The table below shows the monthly expenditure of an average Australian family in 1991 and 2001.
Sample Response
The table data compare monthly expenses of an average family in Australia for the years 1991 and 2001. Overall, monthly expenditure by an average Australian family had not increased that much in 10 years, from 1991 to 2001, and expenses on electricity, water, housing, and non-essential goods and services somewhat increased while the expenses on clothing and transport decreased over time. As is presented in the table, the average expenditure of an Australian family per month was AUD 675 in 1991 while this reached to AUD 715 after 10 years. This shows that the average expenditure of an average Australian family had not increased significantly. In 1991, the expenditure on non-essential goods and services was $250 which was the highest among the given categories. This reached to $270 in 2001 which was also the highest amount among the given expense categories in 2001. The expenses on food & housing were $155 and $95 consecutively in 1991 and both of these expenses increased by only 5 dollars after 10 years. Interestingly the monthly amount spent on clothing and transport decreased over the decade and reached to $20 and $45 in 2001. The expenses on food, housing and electricity & water increased and the highest increase was for electricity and water.
IELTS Writing Correction
- 1. Use direct phrasing Original: The table data compare Suggested revision: The table compares Why it matters: The data is unnecessary because the table itself is the subject of the comparison.
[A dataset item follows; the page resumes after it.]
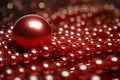 a red ball sits on top of a pile of red pearls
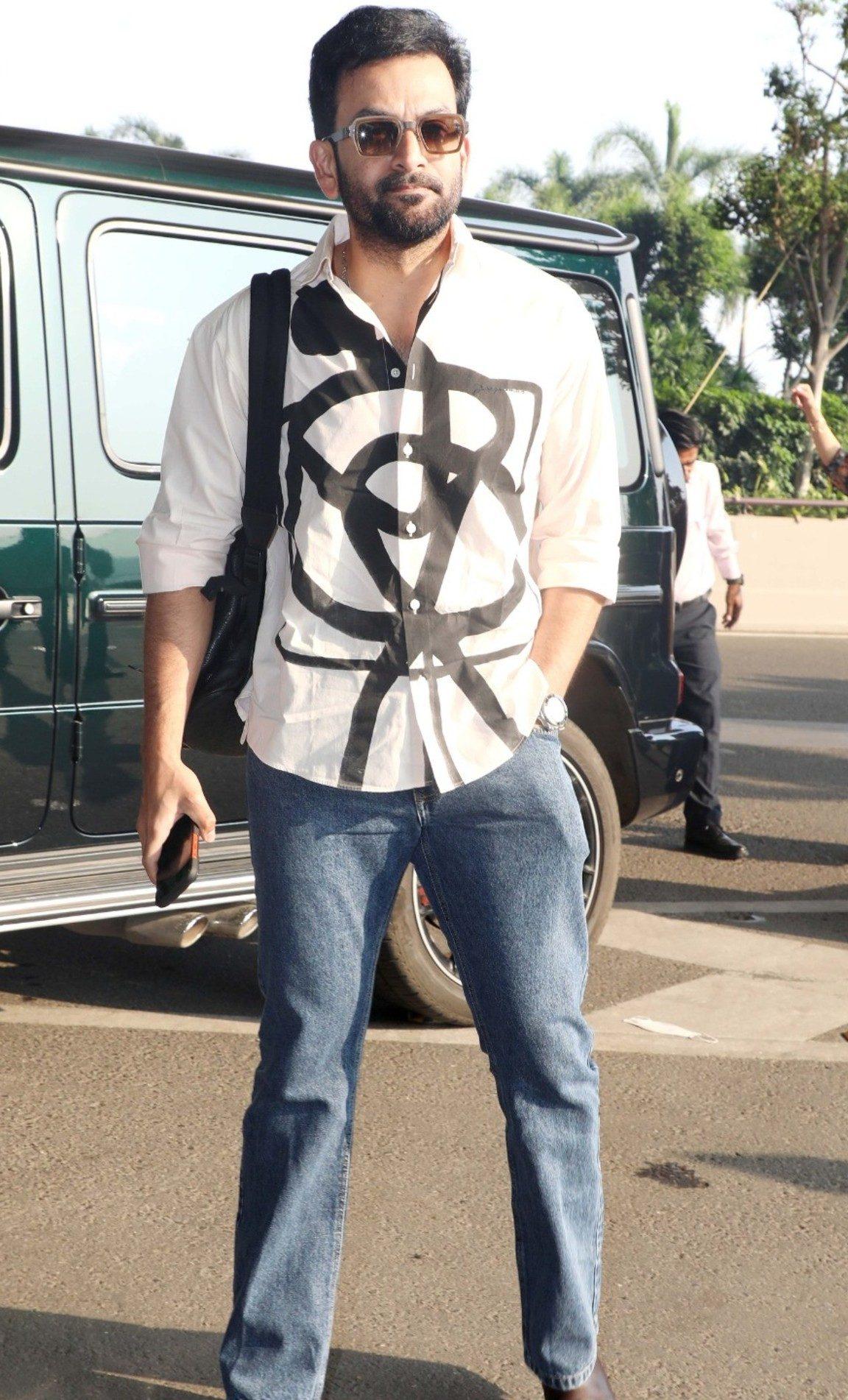 Prithviraj Sukumaran was recently spotted at the airport keeping it sharp and stylish in a graphic white shirt paired with classic blue jeans and brown shoes. Prithviraj Sukumaran was recently spotted at the airport keeping it sharp and stylish in a graphic white shirt paired with classic blue jeans and brown shoes.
- 2. Match task wording Original: monthly expenses Suggested revision: monthly expenditure Why it matters: Expenditure is the more precise formal term used in the task.
- 3. Use concise dates Original: for the years 1991 and 2001 Suggested revision: in 1991 and 2001 Why it matters: In is the natural preposition for the two stated years.
- 4. Streamline reference Original: As is presented Suggested revision: As shown Why it matters: The shorter chart reference is clearer and more natural.
- 5. Reduce wordiness Original: the average expenditure of an Australian family per month Suggested revision: an average Australian family's monthly expenditure Why it matters: The revision conveys the same measure more concisely.
- 6. Fix verb pattern Original: while this reached to Suggested revision: and this rose to Why it matters: Reach does not take to before its object, while rose to correctly describes the increase.
- 7. State comparison year Original: after 10 years Suggested revision: in 2001 Why it matters: The explicit year makes the comparison easier to follow.
- 8. Avoid repetition Original: the average expenditure of an average Australian family Suggested revision: an average Australian family's expenditure Why it matters: The revision removes the repeated use of average.
- 9. Use simple past Original: had not increased Suggested revision: did not increase Why it matters: The simple past suits a completed comparison between two specified years.
- 10. Add relative-clause comma Original: $250 which Suggested revision: $250, which Why it matters: The non-restrictive relative clause requires a comma.
- 11. Use concise wording Original: among the given categories Suggested revision: of the listed categories Why it matters: The revision is shorter and more natural for table categories.
- 12. Fix verb pattern Original: This reached to Suggested revision: This rose to Why it matters: Rose to correctly expresses the increase, whereas reached to is ungrammatical.
Suggested Rewrites
- The table data compare The table compares
- monthly expenses monthly expenditure
- for the years 1991 and 2001 in 1991 and 2001
- As is presented As shown
- the average expenditure of an Australian family per month an average Australian family's monthly expenditure
- while this reached to and this rose to
Why this response received Band 7.0
The response gives a clear overview and selects the most important comparisons, including the modest rise in total expenditure, the largest category, and the categories that fell. Data are generally accurate and well supported, although repetitive phrasing, awkward collocations, and the absence of paragraph breaks reduce polish. Group the details into focused paragraphs and use more natural comparative expressions.
IELTS Writing Criteria Scores
Detailed feedback by IELTS writing criterion after the annotated essay.
Task Achievement
The overview is clear, the main trends are accurately identified, and well-chosen figures support the key comparisons.
For even fuller coverage, add the exact electricity-and-water figures when highlighting that category's largest increase.
Coherence and Cohesion
Ideas progress logically from the overview to totals and category comparisons, but presenting everything in one paragraph reduces readability.
Divide the response into an introduction, overview, and two detail paragraphs grouped by increasing and decreasing expenditure.
Lexical Resource
The response shows a good range of relevant expenditure language, though repetition and awkward choices such as consecutively and reached to reduce precision.
Use respectively for paired figures and reached or rose to for final amounts, while varying repeated references to average expenditure.
Grammatical Range and Accuracy
A range of complex structures is used with generally good control, despite some tense, article, and preposition errors.
Refine tense choice and remove unnecessary prepositions, especially in forms such as rose to and had increased over the decade.